Tuesday 19 April 2011

Try Talking the Talk

For a descriptive writer, the prospect of setting a scene can really get the juices flowing as there is endless scope for painting vivid pictures with words - bliss for the author, but sometimes uphill work for the poor reader.   If I'm finding the going a little tough in a book that I'm reading, it is always the descriptive passages that I'm tempted to skip, and you never want to put anyone in a position where they feel inclined to stray.

Proceed with caution.

Description should never exist purely as an end in itself - it should always have another agenda as well: throwing light on character, creating atmosphere, breaking the tension, providing a contrast -- whatever. If description exists only for its own sake, you run the risk of telling the reader something rather than showing it happen, one of the cardinal sins of creative writing.
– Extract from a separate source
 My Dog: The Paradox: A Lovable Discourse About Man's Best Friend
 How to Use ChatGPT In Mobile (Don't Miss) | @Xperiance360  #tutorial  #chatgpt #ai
To save yourself from this, try writing a scene in which the setting is conveyed solely through dialogue.  In this way, you will not only create an impression of the location itself, but also the characters' attitudes to it. Have they been there before? Is it sympathetic?  Threatening? Does it give one person an advantage over the other (that territorial/home ground thing)? Does it provoke boredom, or provide an escape?  Is it inviting or alienating? Each character could have a different response to it which would give you even more potential to exploit.  In this way, rather than offering a straight description of a room, or a house, or a street, or a garden, you incorporate this into your characters' experience of it, and of each other within it, so that your readers can involve themselves in something with more complexity and depth.  Result!